A survey of 500 shoppers showed that 60% were paying cash for their purchases at Walmart. What is the margin of error for this survey?

To calculate the margin of error for this survey, we need to use the formula:

Margin of Error = (Z * √(p * (1-p)) / √n)

Where:
- Z is the z-score corresponding to the desired confidence level
- p is the estimated proportion of shoppers paying cash (60% as per the survey)
- n is the sample size (500)

First, let's determine the z-score. Assuming a 95% confidence level, the z-score is approximately 1.96.

Now, let's plug the values into the formula:

Margin of Error = (1.96 * √(0.6 * (1-0.6)) / √500)

Calculating this expression:

Margin of Error ≈ (1.96 * √(0.6 * 0.4) / √500)
≈ (1.96 * √(0.24) / √500)
≈ (1.96 * 0.489897 / √500)
≈ (0.958255 / √500)
≈ 0.0428

Therefore, the margin of error for this survey is approximately 0.0428 or 4.28%.

To calculate the margin of error for a survey, you need to know the sample size (n) and the percentage (p) of the population that possesses a certain characteristic. In this case, the sample size is 500, and the percentage of shoppers paying cash is 60%.

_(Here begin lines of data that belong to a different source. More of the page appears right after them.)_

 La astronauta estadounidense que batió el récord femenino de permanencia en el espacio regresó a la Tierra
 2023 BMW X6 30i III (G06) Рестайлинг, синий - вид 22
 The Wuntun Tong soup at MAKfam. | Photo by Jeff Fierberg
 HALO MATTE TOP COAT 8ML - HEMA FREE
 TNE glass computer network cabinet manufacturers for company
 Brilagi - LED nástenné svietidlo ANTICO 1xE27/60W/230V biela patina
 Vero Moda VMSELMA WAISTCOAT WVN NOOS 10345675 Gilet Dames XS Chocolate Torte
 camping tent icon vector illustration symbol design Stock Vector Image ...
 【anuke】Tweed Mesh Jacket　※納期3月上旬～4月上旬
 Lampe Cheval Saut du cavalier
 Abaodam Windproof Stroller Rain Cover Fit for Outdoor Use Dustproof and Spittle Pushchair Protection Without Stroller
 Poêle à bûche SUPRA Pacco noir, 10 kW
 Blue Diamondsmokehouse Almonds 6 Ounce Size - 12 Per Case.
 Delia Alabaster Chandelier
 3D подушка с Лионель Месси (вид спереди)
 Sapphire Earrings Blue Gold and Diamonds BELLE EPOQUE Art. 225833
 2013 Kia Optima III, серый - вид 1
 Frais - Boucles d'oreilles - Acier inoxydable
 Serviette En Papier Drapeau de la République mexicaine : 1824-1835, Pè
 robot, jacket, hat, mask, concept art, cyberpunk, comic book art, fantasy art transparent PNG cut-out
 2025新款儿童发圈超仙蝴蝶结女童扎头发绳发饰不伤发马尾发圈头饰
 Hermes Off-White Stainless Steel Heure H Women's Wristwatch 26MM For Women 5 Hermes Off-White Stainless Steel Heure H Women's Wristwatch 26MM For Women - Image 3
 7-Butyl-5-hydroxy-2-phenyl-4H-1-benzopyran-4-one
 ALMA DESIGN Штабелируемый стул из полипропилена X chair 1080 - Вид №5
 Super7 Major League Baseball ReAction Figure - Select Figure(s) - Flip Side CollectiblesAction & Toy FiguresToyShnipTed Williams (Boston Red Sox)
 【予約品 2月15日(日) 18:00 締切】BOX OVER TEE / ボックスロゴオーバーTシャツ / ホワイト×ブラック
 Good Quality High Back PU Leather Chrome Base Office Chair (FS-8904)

The margin of error (ME) can be determined using the following formula:

ME = Z * √(p * (1 - p) / n)

where Z represents the standard score associated with the desired level of confidence. The standard score for a 95% confidence level is typically 1.96.

To calculate the margin of error for this survey:

ME = 1.96 * √(0.6 * (1 - 0.6) / 500)

Let's calculate it step by step:

1. Calculate p * (1 - p):

p * (1 - p) = 0.6 * (1 - 0.6) = 0.24

2. Calculate the square root of p * (1 - p):

√(p * (1 - p)) = √0.24 = 0.4899

3. Divide √(p * (1 - p)) by the square root of the sample size (n):

0.4899 / √500 ≈ 0.0347

4. Multiply the result by the Z score (1.96 for a 95% confidence level):

ME = 1.96 * 0.0347 ≈ 0.0681

Therefore, the margin of error for this survey is approximately 0.0681, or 6.81%. This means that if we were to conduct the same survey multiple times with different samples, we would generally expect the true population proportion to fall within 6.81% of the observed proportion (60%).